All of the lines below are to be transcribed faithfully, with pictures excluded from the copy.

◆ Data excerpts
#####

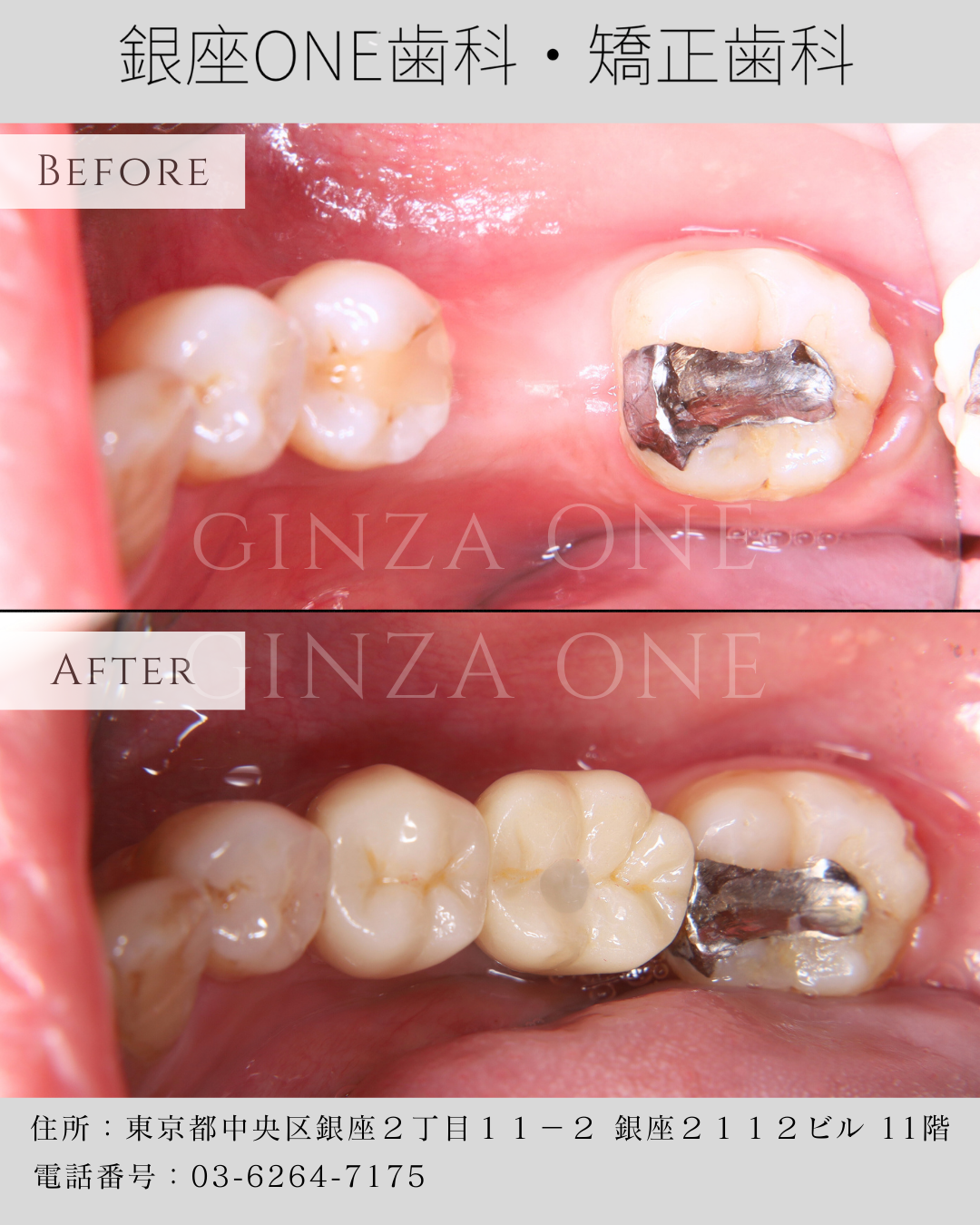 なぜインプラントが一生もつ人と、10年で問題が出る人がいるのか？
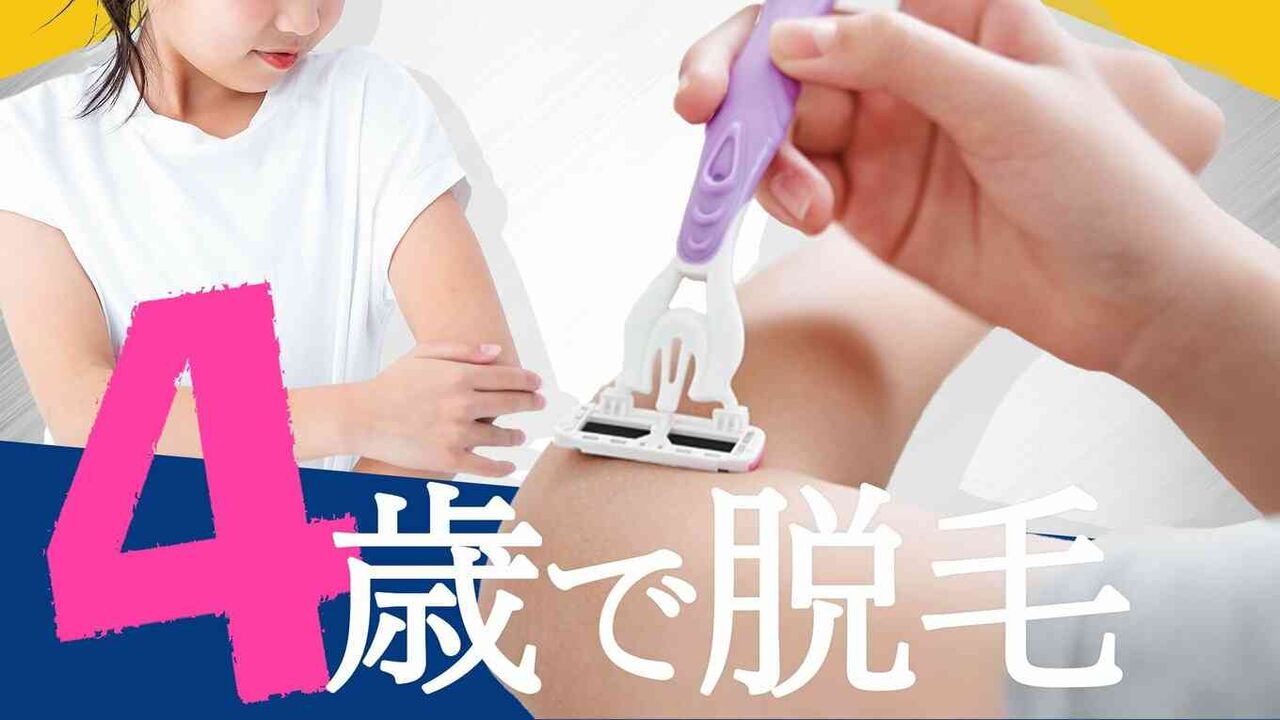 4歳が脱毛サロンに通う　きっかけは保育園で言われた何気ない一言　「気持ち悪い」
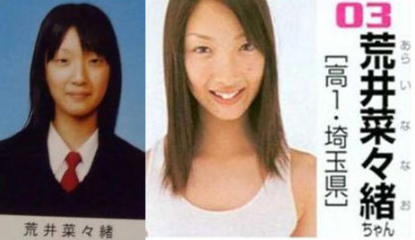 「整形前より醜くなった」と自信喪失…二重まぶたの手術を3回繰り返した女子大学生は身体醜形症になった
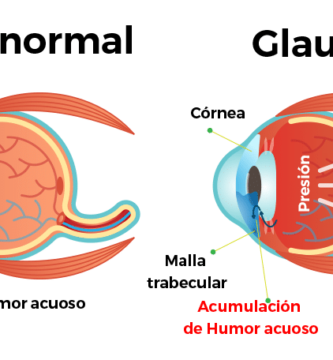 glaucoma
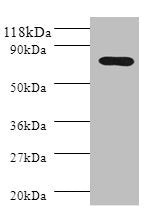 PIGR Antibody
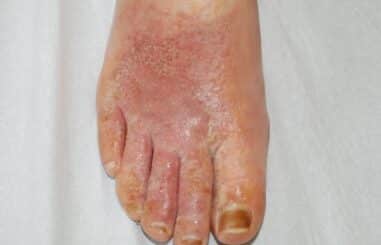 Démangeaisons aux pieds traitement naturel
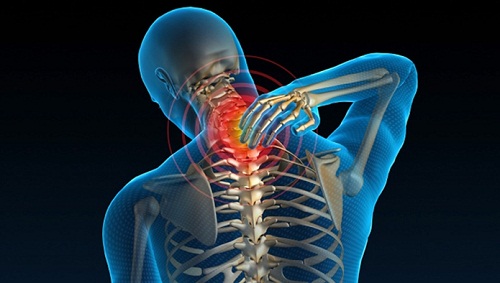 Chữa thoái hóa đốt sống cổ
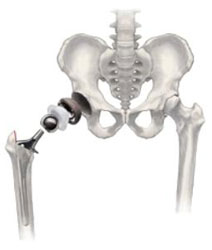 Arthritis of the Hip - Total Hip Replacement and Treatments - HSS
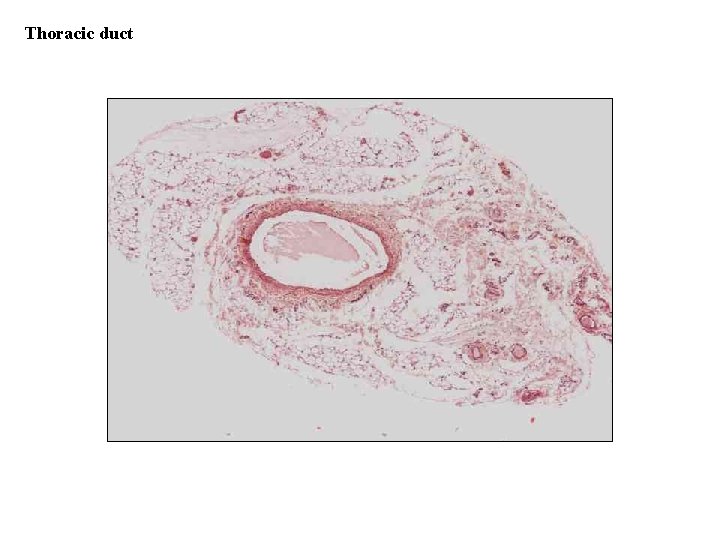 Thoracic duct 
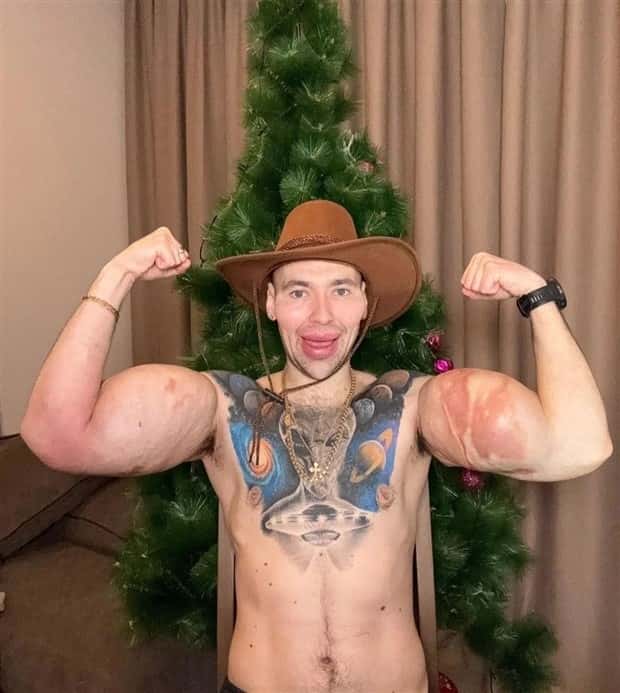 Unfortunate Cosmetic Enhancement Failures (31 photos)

#####

◆ ANSWER SPACE
 なぜインプラントが一生もつ人と、10年で問題が出る人がいるのか？
 4歳が脱毛サロンに通う　きっかけは保育園で言われた何気ない一言　「気持ち悪い」
 「整形前より醜くなった」と自信喪失…二重まぶたの手術を3回繰り返した女子大学生は身体醜形症になった
 glaucoma
 PIGR Antibody
 Démangeaisons aux pieds traitement naturel
 Chữa thoái hóa đốt sống cổ
 Arthritis of the Hip - Total Hip Replacement and Treatments - HSS
 Thoracic duct 
 Unfortunate Cosmetic Enhancement Failures (31 photos)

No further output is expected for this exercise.